I am trying to use a TensorFlow model in Go. Frankly, I know nothing about Machine learning. I am just trying to run the model. I've been successful so far by doing as below

    func (m *Engine) Run(ctx context.Context, r io.Reader, resizType bool) (probability float64, err error) {
        // Create a session for inference over graph.
        session, err := tf.NewSession(m.model, nil)
        if err != nil {
            log.Fatal(err)
        }
        defer session.Close()

        tensor, err := makeTensorFromImage(ctx, r, resizType)
        if err != nil {
            return 0, err
        }

        output, err := session.Run(
            map[tf.Output]*tf.Tensor{
                m.model.Operation("model_2_input").Output(0): tensor,
            },
            []tf.Output{
                m.model.Operation("dense_4/Sigmoid").Output(0),
            },
            nil)
        if err != nil {
            fmt.Println(err)
        }

        probabilities := output[0].Value().([][]float32)[0]

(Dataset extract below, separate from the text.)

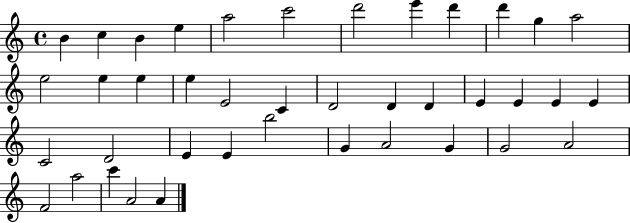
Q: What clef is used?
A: treble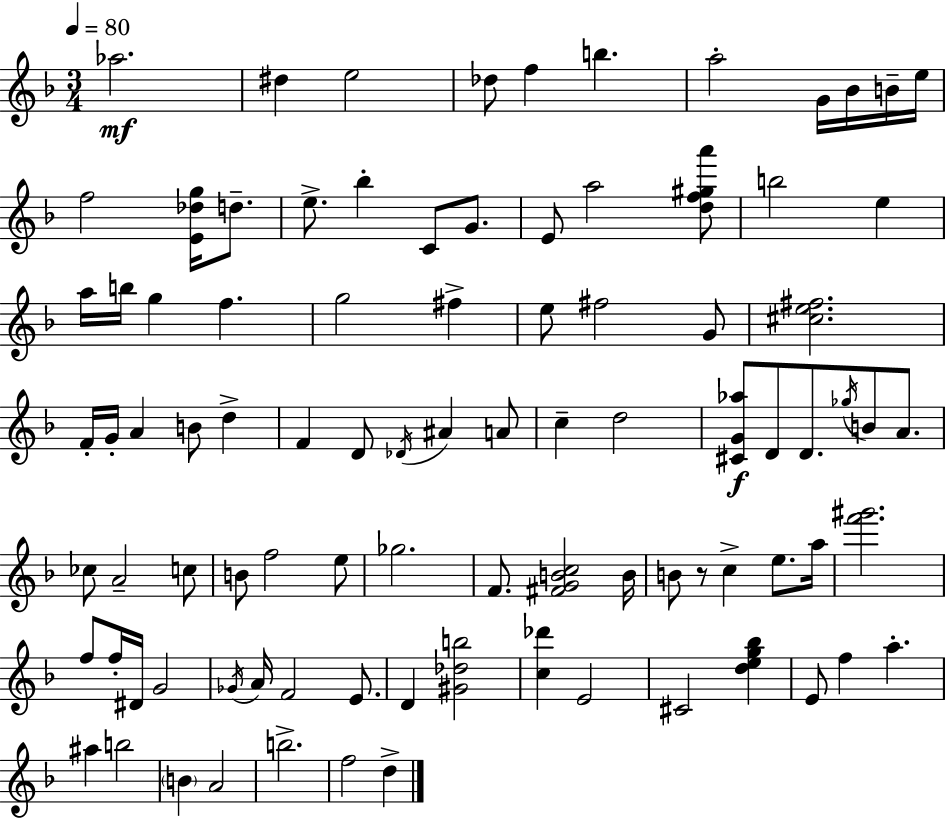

        return float64(probabilities[0]), nil
    }

func makeTensorFromImage(ctx context.Context, image io.Reader, resizType bool) (*tf.Tensor, error) {
    bytes := StreamToByte(image)

    tensor, err := tf.NewTensor(string(bytes))
    if err != nil {
        return nil, err
    }

    // Construct a graph to normalize the image
    graph, input, output, err := constructGraphToNormalizeImage(resizType)
    if err != nil {
        return nil, err
    }

    // Execute that graph to normalize this one image
    session, err := tf.NewSession(graph, nil)
    if err != nil {
        return nil, err
    }
    defer session.Close()
    normalized, err := session.Run(
        map[tf.Output]*tf.Tensor{input: tensor},
        []tf.Output{output},
        nil)
    if err != nil {
        return nil, err
    }

    return normalized[0], nil
}

The below func give me a graph of shape [1,224,224,3] .

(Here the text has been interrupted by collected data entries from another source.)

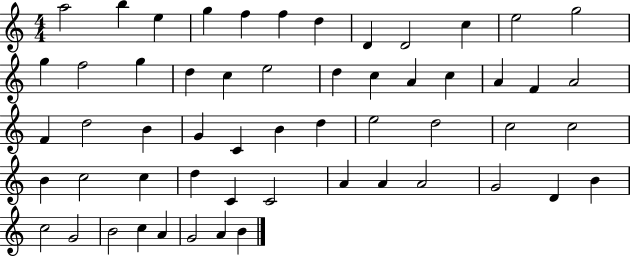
X:1
T:Untitled
M:4/4
L:1/4
K:C
a2 b e g f f d D D2 c e2 g2 g f2 g d c e2 d c A c A F A2 F d2 B G C B d e2 d2 c2 c2 B c2 c d C C2 A A A2 G2 D B c2 G2 B2 c A G2 A B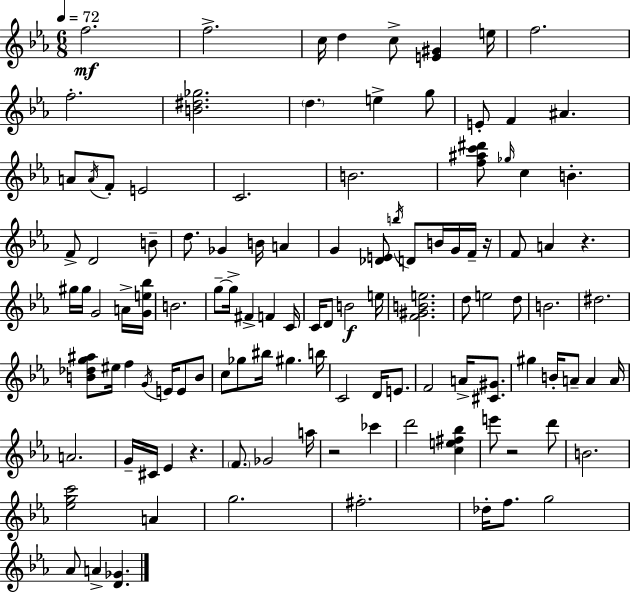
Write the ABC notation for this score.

func constructGraphToNormalizeImage(resizType bool) (graph *tf.Graph, input, output tf.Output, err error) {
    const (
        H, W  = 224, 224
        Mean  = float32(0)
        Scale = float32(255)
    )
    s := op.NewScope()
    input = op.Placeholder(s, tf.String)
    if resizType {
        output = op.Div(s,
            op.Sub(s,
                op.ResizeArea(s,
                    op.ExpandDims(s,
                        op.Cast(s,
                            op.DecodeJpeg(s, input, op.DecodeJpegChannels(3)), tf.Float),
                        op.Const(s.SubScope("make_batch"), int32(0))),
                    op.Const(s.SubScope("size"), []int32{H, W})),
                op.Const(s.SubScope("mean"), Mean)),
            op.Const(s.SubScope("scale"), Scale))
        graph, err = s.Finalize()
    } else {
        output = op.Div(s,
            op.Sub(s,
                op.ResizeNearestNeighbor(s,
                    op.ExpandDims(s,
                        op.Cast(s,
                            op.DecodeJpeg(s, input, op.DecodeJpegChannels(3)), tf.Float),
                        op.Const(s.SubScope("make_batch"), int32(0))),
                    op.Const(s.SubScope("size"), []int32{H, W})),
                op.Const(s.SubScope("mean"), Mean)),
            op.Const(s.SubScope("scale"), Scale))
        graph, err = s.Finalize()
    }
    return graph, input, output, err
}

Now I don't want to use any resize function of any kind. I tried removing the resize func bit it gives me a shape of [1,?,?,3] obviously. So my question is how do I achieve what I need without resizing.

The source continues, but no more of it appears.